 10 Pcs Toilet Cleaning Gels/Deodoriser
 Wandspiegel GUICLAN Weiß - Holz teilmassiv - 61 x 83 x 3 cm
-.-.-
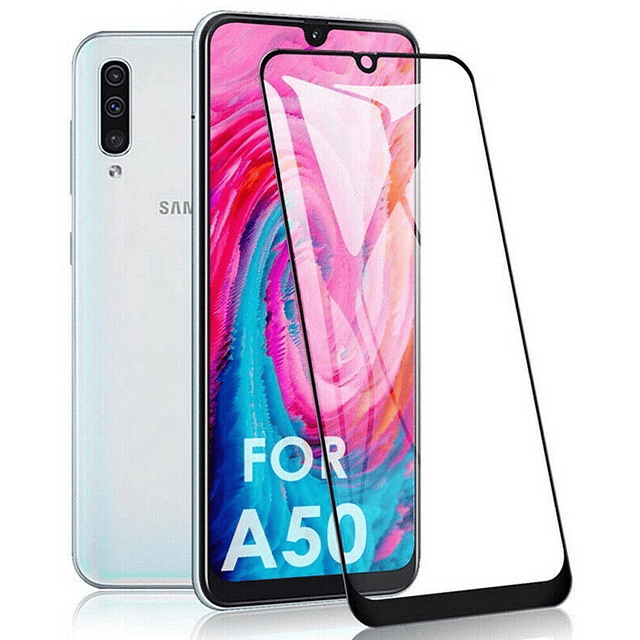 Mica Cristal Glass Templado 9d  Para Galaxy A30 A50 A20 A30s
-.-.-
▶ [EXERCISE BRIEF]: Among the records above, extract exactly the lines from the line with "10 Pcs Toilet Cleaning Gels/Deodoriser" to the line with "Wandspiegel GUICLAN Weiß", both lines included, and leave out the rest.

▶ [WRITTEN SOLUTION]:
 10 Pcs Toilet Cleaning Gels/Deodoriser
 Wandspiegel GUICLAN Weiß - Holz teilmassiv - 61 x 83 x 3 cm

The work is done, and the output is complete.